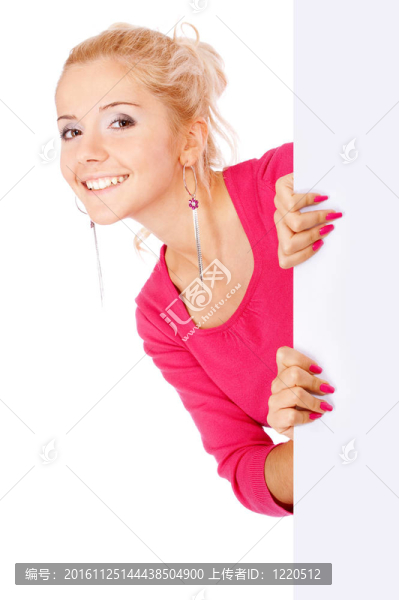 女孩看出來，因?yàn)榉謪^(qū)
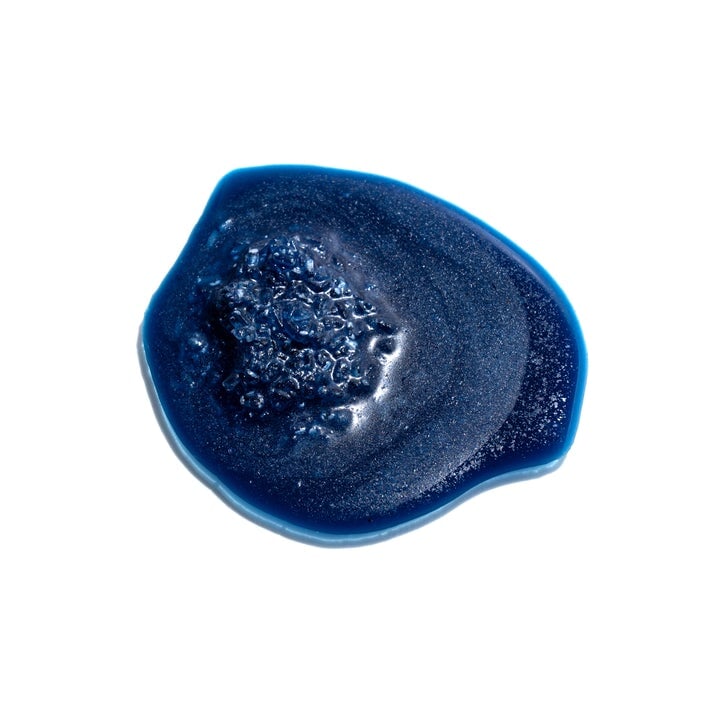 Lilfox Azure blaue wässrige Textur vor weißem Hintergrund North Glow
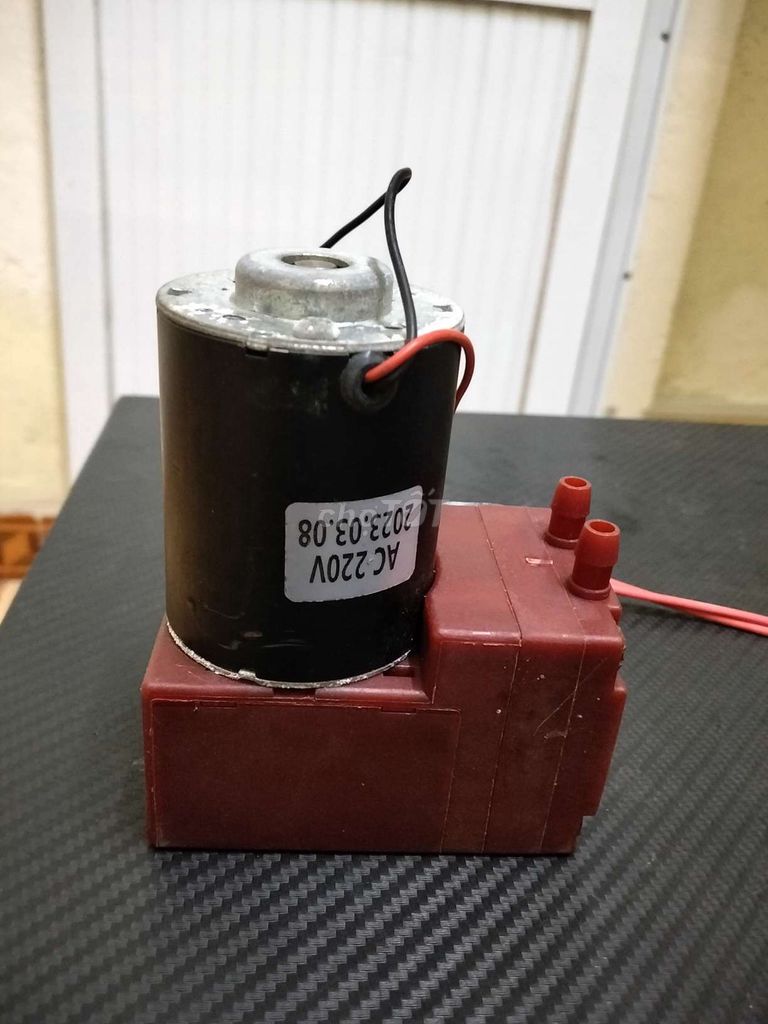 Bơm áp suất âm AC 220V Đen Đỏ. Mua bán Đồ chuyên dụng, Giống nuôi trồng tại Huyện Thanh Trì Hà Nội được đăng bởi Truong Xuan hình 1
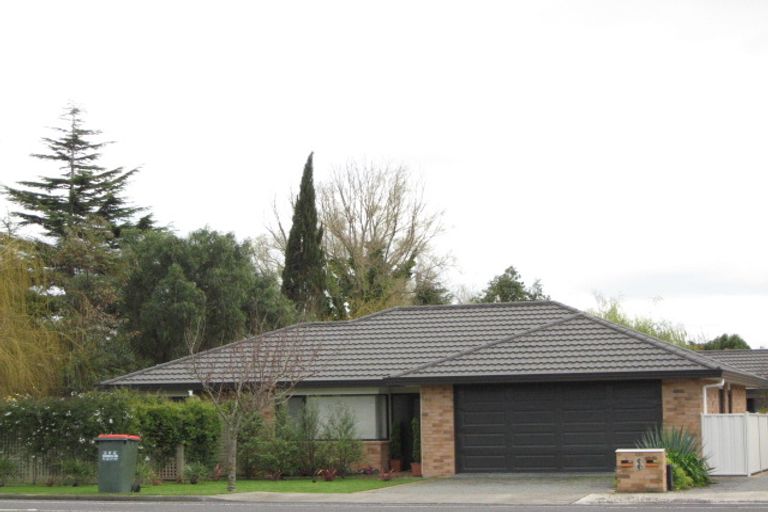 Photo of property in 2/28 Te Aute Road, Havelock North, 4130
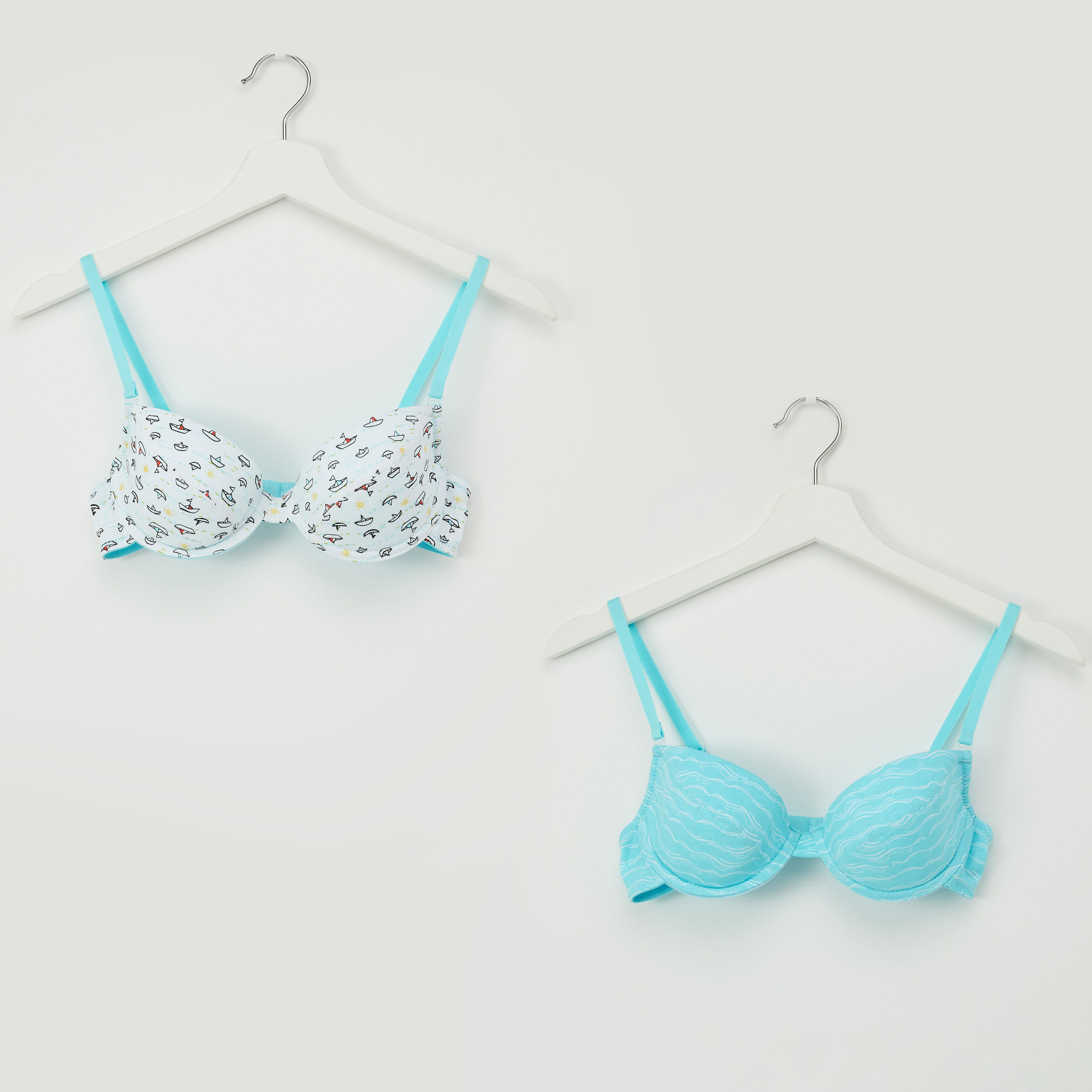 صدريّة تيشيرت مبطّنة بحمّالات قابلة للتعديل وطبعات - طقم من قطعتين-women-clothing-lingerie-bras-image-1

####################

EXERCISE REQUIREMENTS: The copy you give must run from the line containing "Bơm áp suất" through the last line of the records, exactly, with the pictures left out.

ANSWER TO THIS PROBLEM:
 Bơm áp suất âm AC 220V Đen Đỏ. Mua bán Đồ chuyên dụng, Giống nuôi trồng tại Huyện Thanh Trì Hà Nội được đăng bởi Truong Xuan hình 1
 Photo of property in 2/28 Te Aute Road, Havelock North, 4130
 صدريّة تيشيرت مبطّنة بحمّالات قابلة للتعديل وطبعات - طقم من قطعتين-women-clothing-lingerie-bras-image-1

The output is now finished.